I'm an MIT alum (grad 2020) with ~2 years' experience in machine learning research at MIT's Center for Brains, Minds, and Machines. I also have professional experience in performance software design and engineering, data modeling and analysis, mechanical systems simulation, and electronic systems fabrication.
To solve problems, I enjoy starting from scratch. Computer science is a powerful tool: a way of turning time, money, and know-how into solutions. I try to remember that every problem starts to look like a nail, once I've wielded the computer as a hammer long enough. Effective solutions always include relying on the knowledge, time, and people at hand - not just computational power - moving focus onto communication, in addition to engineering. As much as I like starting from scratch, I try to ask: am I inventing a new way to solve a solved problem? Or better still: am I solving a problem that doesn't need to be solved?
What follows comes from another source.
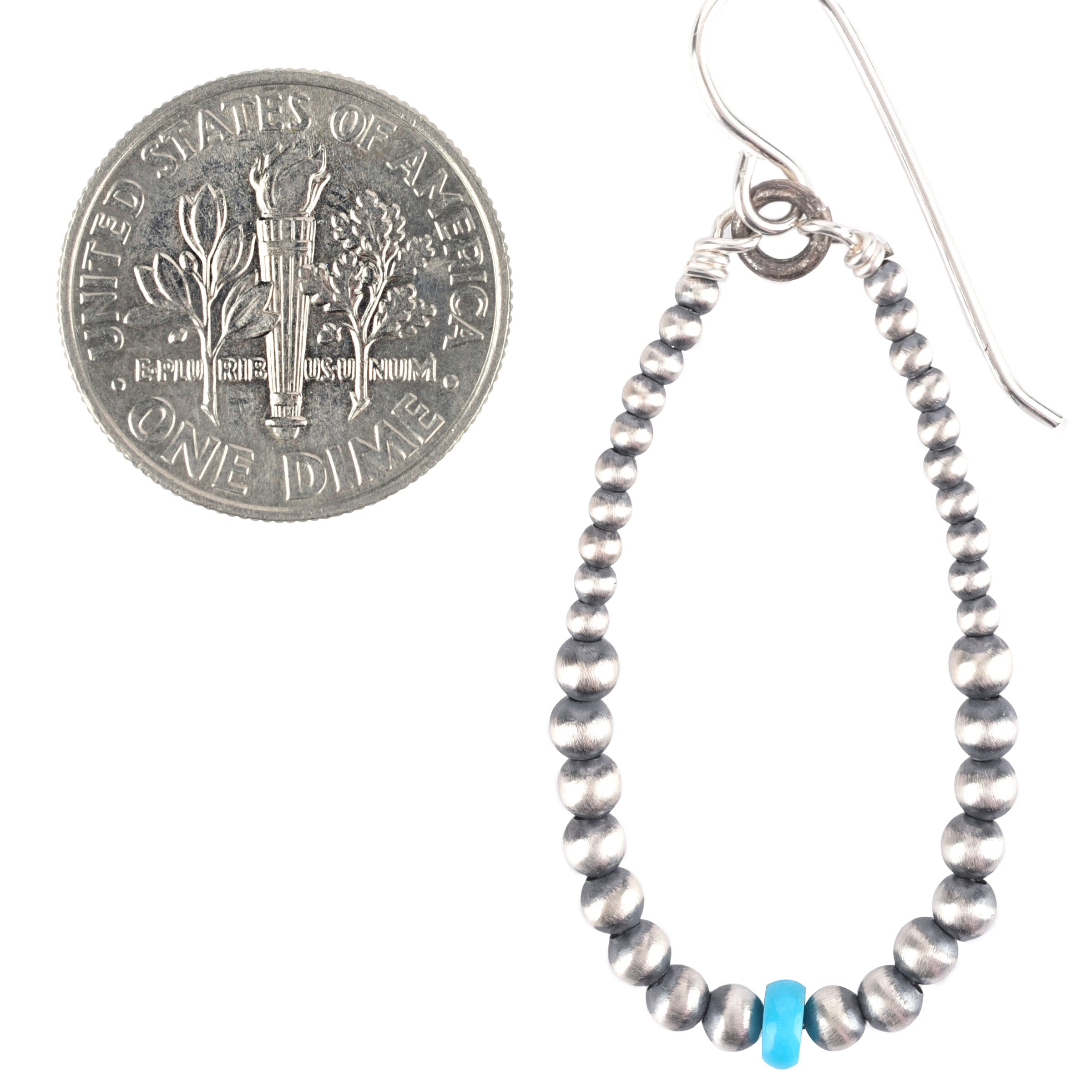 Sterling silver and blue turquoise dangle hoop earrings.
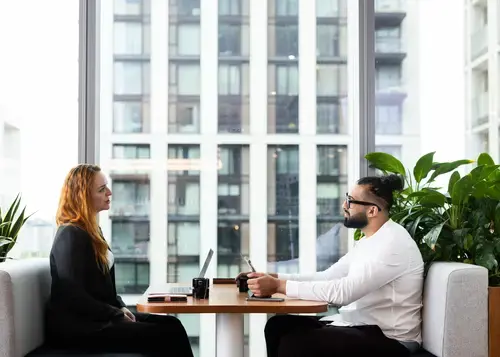 Two coworkers have a meeting at a table.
In that pursuit, I've written: webclient code in Javascript; GPU libraries in CUDA C and CUDA-python; GUI interfaces in C#; parallel, asynchronous, and concurrent code in python, C#, C++, and Java; docker files, apptainer scripts, and CI testing configurations in bash; a python-based web server; a mechanical model in MATLAB; ML models on AWS and MGHPCC; 3D designs in fusion 360; and built with Pytorch, Tensorflow, gcc, nvcc, Numba, Numpy - whatever fits the problem at hand.
For the past ~2 years, I've been employing these tools to design, evaluate, and interact with, novel computer vision model-architectures - and investigate hypotheses about the fundamental structure of image data (and by extension, how we generally capture the structure of data).